Ubuntu 22.04 Server with Desktop installed
I have been iterating with @liuyis in the Nsight Systems group regarding a problem with Nsight Systems nsys daemon startup.
After several experiments, it seems the failure happens because
the call to cuInit takes too long and Nsys times out, even though nvidia-persistenced is running.

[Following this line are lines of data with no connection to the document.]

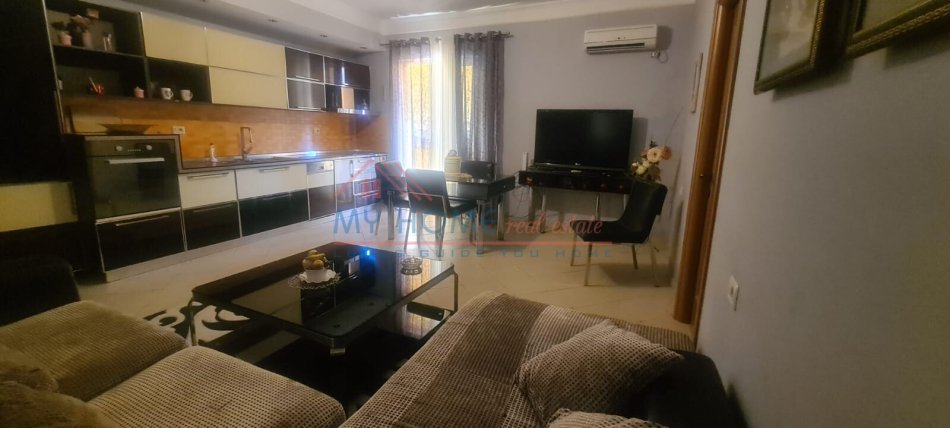 Apartament 2+1+2 Me Qira Ne Bllok Prane Sheshit Willson(Saimir)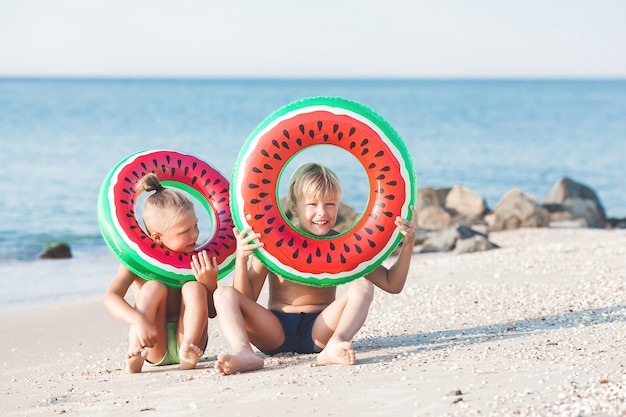 Dos niños divirtiéndose en la playa.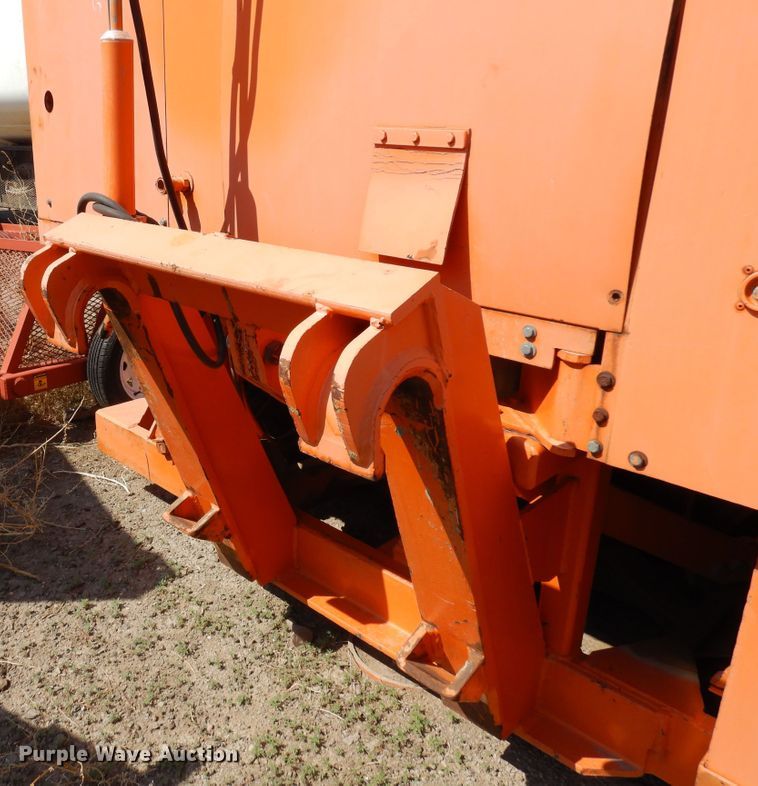 image for item DR1189 1995 Kodiak  snow blower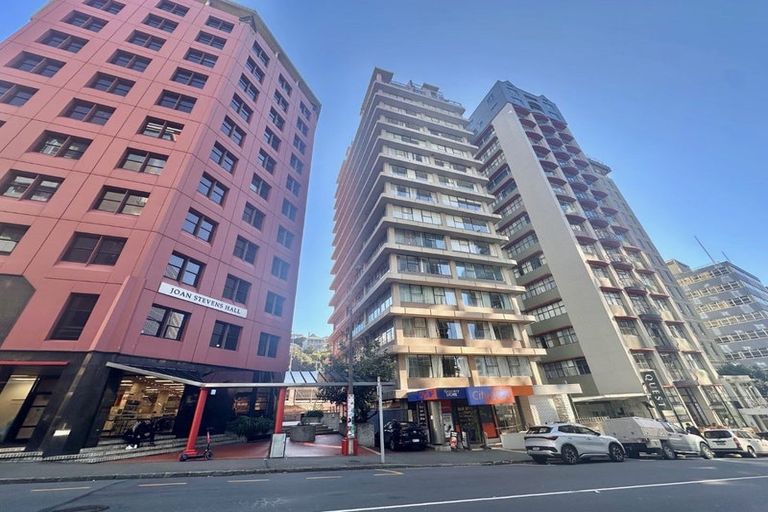 Photo of property in Terrace Tower Apartments, 2b/126 The Terrace, Wellington Central, Wellington, 6011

Running strace while starting up a CUDA application revealed the system calls causing the long delay:
Thanks for sharing the result. I’m not seeing a problematic GPU device based on the log, however I do see the system calls that caused the long delay:
ioctl(3, _IOC(_IOC_READ|_IOC_WRITE, 0x46, 0x2a, 0x20), 0x7ffe4da090b0) = 0 <8.005325> ... ioctl(4, _IOC(_IOC_NONE, 0, 0x25, 0), 0x7ffe4da0c350) = 0 <24.041903>
and tracking back I can see the FDs they were trying to control were
openat(AT_FDCWD, "/dev/nvidiactl", O_RDWR) = 3 <0.000019> ... openat(AT_FDCWD, "/dev/nvidia-uvm", O_RDWR|O_CLOEXEC) = 4 <0.000020>
Unfortunately this is out of the scope of Nsight Systems development, I suggest reporting the issue to CUDA - NVIDIA Developer Forums.
Is there someone here who can pick up this thread and help us resolve the issue? We also notice all our CUDA applications take about 30 seconds to startup, which is driving us crazy…
strace.txt (39.8 KB)